Data block:
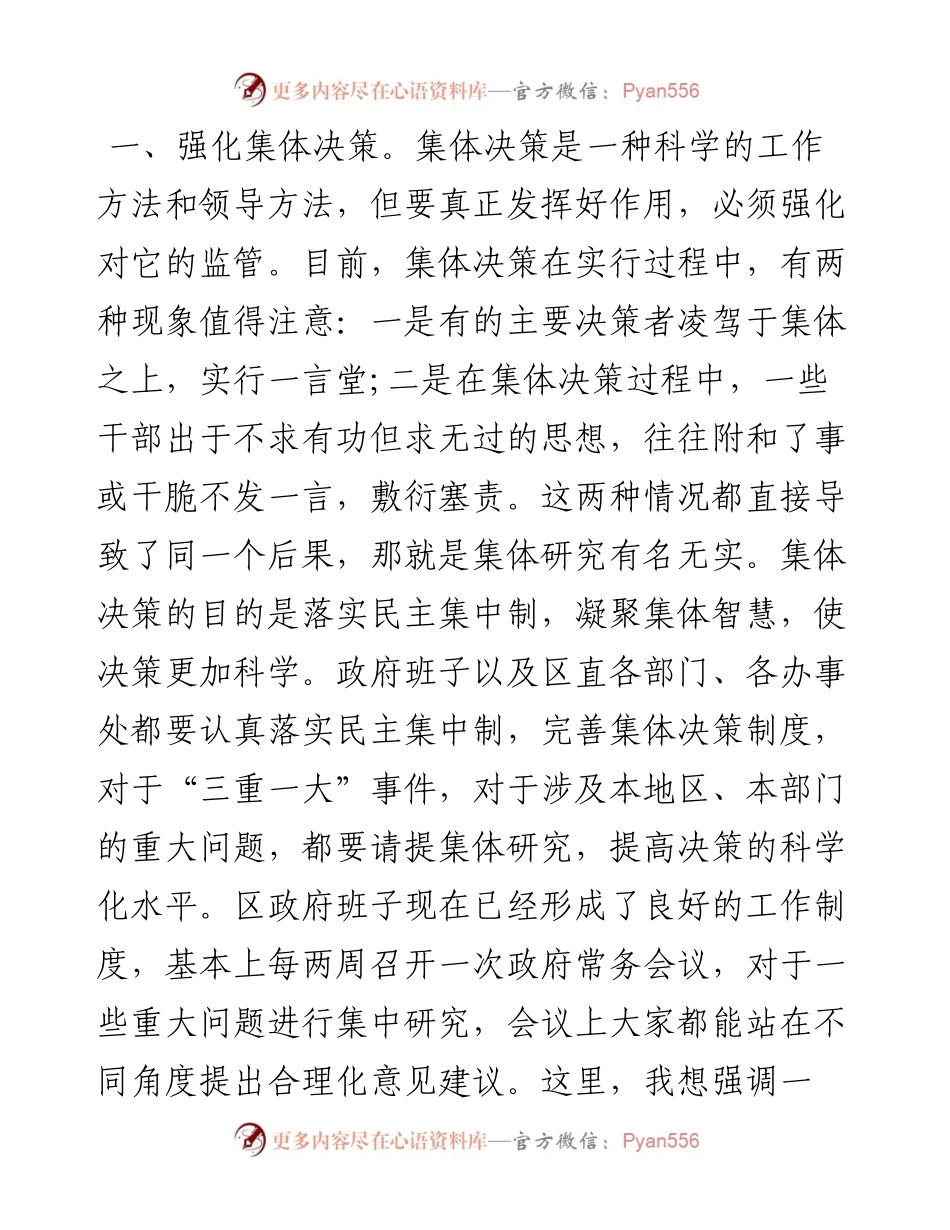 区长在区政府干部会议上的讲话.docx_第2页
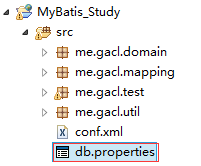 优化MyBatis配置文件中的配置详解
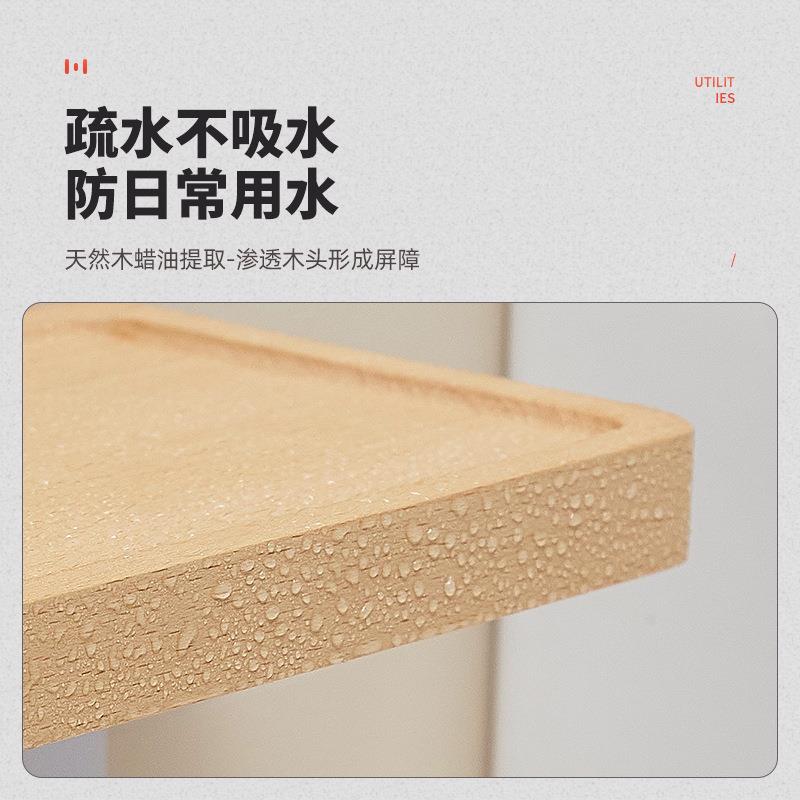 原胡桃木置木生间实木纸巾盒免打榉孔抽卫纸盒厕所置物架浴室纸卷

Task goal: Apart from the pictures, repeat the data above exactly.

Response area:
 区长在区政府干部会议上的讲话.docx_第2页
 优化MyBatis配置文件中的配置详解
 原胡桃木置木生间实木纸巾盒免打榉孔抽卫纸盒厕所置物架浴室纸卷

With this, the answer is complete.